Struggling with resentment after twins
I’m struggling with resentment toward my MIL after having twins and I don’t really know how to move forward.
During my pregnancy she constantly overstepped with unwanted advice and criticism. She would tell me what I should and shouldn’t eat, comment on my weight, recommend diet pills her friend was taking, etc.
Now that the twins are here, it’s somehow worse. When the girls were only 7 days old and I was freshly postpartum, she pointed out what felt like 10 different things we were supposedly doing wrong as parents or things she thought were wrong with the babies. I cried hysterically on the drive home because I was already struggling emotionally and physically postpartum.

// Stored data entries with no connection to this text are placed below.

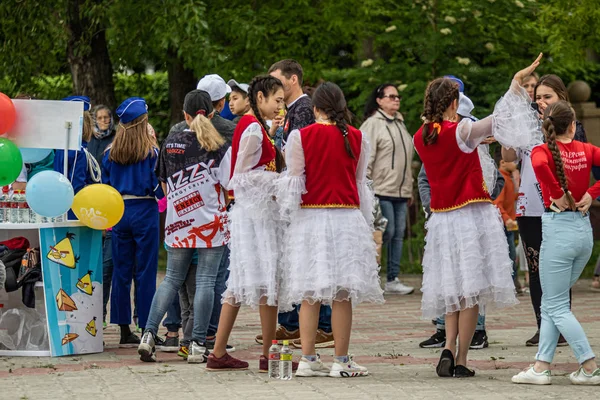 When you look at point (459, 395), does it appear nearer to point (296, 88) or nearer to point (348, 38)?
point (296, 88)

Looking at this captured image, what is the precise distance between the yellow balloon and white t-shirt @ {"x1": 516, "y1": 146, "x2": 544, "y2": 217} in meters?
3.03

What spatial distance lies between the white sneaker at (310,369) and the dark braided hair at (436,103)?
1.61 m

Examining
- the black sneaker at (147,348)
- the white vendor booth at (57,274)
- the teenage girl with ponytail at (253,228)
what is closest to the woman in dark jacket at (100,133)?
the white vendor booth at (57,274)

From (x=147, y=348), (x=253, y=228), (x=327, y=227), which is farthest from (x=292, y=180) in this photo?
(x=147, y=348)

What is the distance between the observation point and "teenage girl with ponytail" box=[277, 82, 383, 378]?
25.5ft

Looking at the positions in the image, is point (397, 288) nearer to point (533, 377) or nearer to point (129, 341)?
point (129, 341)

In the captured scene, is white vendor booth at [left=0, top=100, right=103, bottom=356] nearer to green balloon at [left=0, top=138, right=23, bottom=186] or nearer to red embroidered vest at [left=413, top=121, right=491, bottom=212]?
green balloon at [left=0, top=138, right=23, bottom=186]

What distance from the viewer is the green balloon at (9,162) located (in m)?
8.70

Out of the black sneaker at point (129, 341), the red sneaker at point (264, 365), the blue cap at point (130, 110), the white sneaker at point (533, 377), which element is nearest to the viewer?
the white sneaker at point (533, 377)

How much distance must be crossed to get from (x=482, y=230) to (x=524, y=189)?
1597mm

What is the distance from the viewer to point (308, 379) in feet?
25.8

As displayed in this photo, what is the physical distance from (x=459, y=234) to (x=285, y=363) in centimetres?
138

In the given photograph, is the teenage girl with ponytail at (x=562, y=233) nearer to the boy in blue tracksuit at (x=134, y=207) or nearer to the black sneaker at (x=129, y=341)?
the boy in blue tracksuit at (x=134, y=207)

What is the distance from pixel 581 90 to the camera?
21.5 metres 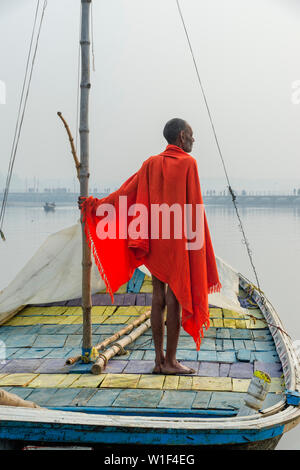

My partner did confront her, but it immediately became about how SHE was the victim and how she was “being treated like an asshole.” Things calmed down for a little while, but I later saw messages between her and my partner where she was still criticizing the girls based on photos sent in the family group chat
Now I feel anxious whenever she visits because I’m scared she’ll start with the unsolicited advice and criticism again and it’ll upset me. I also resent her a lot now, which I hate because I do respect her and don’t want conflict.
The issue is there’s also a language barrier, so I feel nervous confronting her directly because she misunderstands me a lot of the time. My partner says he’s already said everything that needs to be said, but it just doesn’t seem to get through to her.
I guess I’m wondering if anyone else has dealt with this kind of MIL dynamic postpartum? How do you set boundaries without causing a massive family fallout?